The FA announced last week that, as of next season, players found guilty of diving or feigning injury across English football will receive a two-match ban for “successful deception of a match official” - a new offence based on a law already enforced in Scotland.
A three-person panel - consisting of an ex-manager, ex-player and ex-referee - will independently review video footage of the incident in question and if they unanimously agree that the player deceived the referee, a two-game ban will be issued.
The rule has been backed by the Premier League, Football League, Professional Footballers’ Association and League Managers Association, although not all Premier League bosses were in favour of the move.
Crystal Palace manager Sam Allardyce described the decision as "utter rubbish", whilst he and Swansea manager Paul Clement both called for the use of video technology to punish players during the game.
“It's utter rubbish," said Allardyce. "Bring technology in and we can look at it on the day, and then bring a sin-bin in so we can put him in the sin bin for 10 minutes and then put him back on. Stop paying all these people money to do rubbish situations in the game. That’s utter rubbish.”
Leicester City centre back Robert Huth described the new rule as "great news" whilst West Bromwich Albion manager Tony Pulis also welcomed the move, saying diving was "something we want to take out of the game".
"I'm pleased it's the way forward," said Pulis. "I don't think there's any place for it in the game. I would most probably fine the players as well and give the money to charity."
Unsurprisingly, Sam Allardyce's comments received the most publicity, but both his and Clements' criticisms related to the new disciplinary process rather the need to clamp down on diving in the first place.
Big personalities like Big Sam create a big splash in the football media, but the ripples of a decision like this will be felt throughout the game - and that's why this move should be welcomed.
Let's call a spade a spade here: whether we use the term 'diving' or 'simulation', what we're talking about is cheating.
As children we are told that cheats never prosper and any rules that reinforce that message to the millions of kids playing football today must be a good thing.
Diving is nowhere near the problem in grassroots football that it is at the top of the game, but that doesn't mean it doesn't occur and so we should welcome any move to help stamp it out.
Of course, grassroots coaches and parents have the biggest influence on the behaviour of young footballers on the pitch but, like it or not, children will always be influenced by their heroes.
If a kid watches someone like Marcus Rashford conning the referee to win a penalty then that increases the chances of them trying the same thing on the pitch themselves - whatever Robbie Savage might think.
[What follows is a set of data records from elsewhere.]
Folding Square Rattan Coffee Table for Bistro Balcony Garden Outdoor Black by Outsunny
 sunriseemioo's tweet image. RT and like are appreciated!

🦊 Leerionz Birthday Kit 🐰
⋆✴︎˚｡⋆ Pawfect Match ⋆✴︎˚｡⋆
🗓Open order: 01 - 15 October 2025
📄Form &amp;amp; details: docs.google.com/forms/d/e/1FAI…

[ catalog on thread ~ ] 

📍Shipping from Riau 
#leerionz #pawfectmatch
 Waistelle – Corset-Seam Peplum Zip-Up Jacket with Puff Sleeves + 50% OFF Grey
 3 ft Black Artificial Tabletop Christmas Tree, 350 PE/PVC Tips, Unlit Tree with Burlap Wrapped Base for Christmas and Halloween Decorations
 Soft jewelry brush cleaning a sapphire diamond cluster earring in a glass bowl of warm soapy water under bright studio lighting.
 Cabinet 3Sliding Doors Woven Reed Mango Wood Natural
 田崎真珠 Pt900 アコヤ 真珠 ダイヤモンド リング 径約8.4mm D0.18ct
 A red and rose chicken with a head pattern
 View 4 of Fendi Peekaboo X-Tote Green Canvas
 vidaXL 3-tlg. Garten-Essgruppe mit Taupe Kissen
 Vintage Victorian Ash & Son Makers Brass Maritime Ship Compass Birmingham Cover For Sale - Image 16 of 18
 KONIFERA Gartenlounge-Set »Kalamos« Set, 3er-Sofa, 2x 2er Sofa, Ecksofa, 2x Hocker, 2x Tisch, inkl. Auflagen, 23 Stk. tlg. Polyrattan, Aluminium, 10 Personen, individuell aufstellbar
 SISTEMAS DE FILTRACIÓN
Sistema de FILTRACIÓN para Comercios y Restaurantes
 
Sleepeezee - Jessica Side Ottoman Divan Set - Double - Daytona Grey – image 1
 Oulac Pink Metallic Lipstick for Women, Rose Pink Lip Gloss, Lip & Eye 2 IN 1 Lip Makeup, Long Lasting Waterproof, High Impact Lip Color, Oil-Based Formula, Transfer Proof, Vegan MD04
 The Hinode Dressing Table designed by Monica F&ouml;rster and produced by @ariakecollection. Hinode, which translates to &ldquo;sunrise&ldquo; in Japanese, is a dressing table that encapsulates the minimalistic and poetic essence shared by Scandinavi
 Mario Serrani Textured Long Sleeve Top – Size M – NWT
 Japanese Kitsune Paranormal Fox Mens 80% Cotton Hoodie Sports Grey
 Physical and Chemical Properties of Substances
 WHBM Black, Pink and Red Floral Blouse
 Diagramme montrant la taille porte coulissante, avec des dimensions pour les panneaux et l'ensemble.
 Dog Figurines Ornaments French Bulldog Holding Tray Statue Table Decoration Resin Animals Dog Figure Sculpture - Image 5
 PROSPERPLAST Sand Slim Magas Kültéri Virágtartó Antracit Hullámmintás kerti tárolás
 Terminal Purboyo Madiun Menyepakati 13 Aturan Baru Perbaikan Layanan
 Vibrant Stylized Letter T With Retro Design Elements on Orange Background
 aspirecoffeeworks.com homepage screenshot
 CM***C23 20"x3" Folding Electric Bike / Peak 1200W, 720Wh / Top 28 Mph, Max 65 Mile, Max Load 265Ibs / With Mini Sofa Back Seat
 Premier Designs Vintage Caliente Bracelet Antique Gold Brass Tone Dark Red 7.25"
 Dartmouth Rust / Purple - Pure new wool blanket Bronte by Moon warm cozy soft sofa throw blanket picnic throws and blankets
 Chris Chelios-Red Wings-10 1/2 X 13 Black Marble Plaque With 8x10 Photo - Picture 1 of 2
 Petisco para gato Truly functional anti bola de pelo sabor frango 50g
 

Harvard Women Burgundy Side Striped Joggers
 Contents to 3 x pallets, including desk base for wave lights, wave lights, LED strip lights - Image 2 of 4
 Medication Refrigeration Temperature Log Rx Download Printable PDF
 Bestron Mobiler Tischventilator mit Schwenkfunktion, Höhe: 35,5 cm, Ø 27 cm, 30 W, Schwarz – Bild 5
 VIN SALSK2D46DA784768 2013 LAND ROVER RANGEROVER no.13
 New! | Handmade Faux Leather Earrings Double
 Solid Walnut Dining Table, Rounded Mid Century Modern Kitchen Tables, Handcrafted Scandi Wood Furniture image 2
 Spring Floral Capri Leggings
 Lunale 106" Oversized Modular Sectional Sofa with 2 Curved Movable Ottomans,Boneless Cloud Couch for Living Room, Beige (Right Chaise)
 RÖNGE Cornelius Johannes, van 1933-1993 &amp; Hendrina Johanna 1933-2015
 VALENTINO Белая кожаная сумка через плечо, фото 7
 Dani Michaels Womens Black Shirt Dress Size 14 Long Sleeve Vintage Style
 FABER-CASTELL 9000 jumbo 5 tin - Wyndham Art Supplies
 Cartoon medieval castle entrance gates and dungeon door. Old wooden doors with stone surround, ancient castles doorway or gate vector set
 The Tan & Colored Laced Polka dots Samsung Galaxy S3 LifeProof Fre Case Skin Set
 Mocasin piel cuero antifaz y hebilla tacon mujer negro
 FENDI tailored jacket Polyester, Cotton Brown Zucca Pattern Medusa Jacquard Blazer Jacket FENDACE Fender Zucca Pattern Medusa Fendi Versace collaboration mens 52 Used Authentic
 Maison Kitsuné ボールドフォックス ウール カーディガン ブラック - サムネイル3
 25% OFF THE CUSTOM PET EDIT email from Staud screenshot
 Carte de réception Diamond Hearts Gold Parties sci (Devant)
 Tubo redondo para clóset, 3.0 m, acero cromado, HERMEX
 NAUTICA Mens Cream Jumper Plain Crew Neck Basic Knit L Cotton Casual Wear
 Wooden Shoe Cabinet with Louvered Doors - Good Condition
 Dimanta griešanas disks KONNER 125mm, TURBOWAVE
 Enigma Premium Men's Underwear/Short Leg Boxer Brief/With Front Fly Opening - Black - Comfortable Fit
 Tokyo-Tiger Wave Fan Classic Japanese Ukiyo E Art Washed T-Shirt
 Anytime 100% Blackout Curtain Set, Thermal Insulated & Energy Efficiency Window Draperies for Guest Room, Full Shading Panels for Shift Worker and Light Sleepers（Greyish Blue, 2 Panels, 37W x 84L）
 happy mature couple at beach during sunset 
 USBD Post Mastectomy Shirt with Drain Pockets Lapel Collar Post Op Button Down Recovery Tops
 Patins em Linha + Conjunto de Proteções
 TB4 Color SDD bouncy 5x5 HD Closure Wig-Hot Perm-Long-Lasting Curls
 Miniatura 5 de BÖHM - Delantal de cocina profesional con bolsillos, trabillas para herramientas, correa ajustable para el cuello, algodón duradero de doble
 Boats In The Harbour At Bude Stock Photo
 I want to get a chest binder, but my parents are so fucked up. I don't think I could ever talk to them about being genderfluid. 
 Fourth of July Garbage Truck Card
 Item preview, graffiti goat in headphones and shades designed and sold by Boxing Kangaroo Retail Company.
Coaches and parents must enforce the right message, but their job is made much harder if their advice is contradicted by what young players see with their own eyes on Match of the Day.
The process of punishing players by retrospective ban might not be every manager's cup of tea. It won't give justice to the team who suffers from the deception during the game in question, so it may not be the perfect solution.
But if a Premier League player knows that he could get banned for two games for diving then the chances are he'll be less likely to do it.
If professionals dive or feign injury less then we should have fewer kids growing up thinking that this form of cheating is just part of the game... and that can only be a good thing.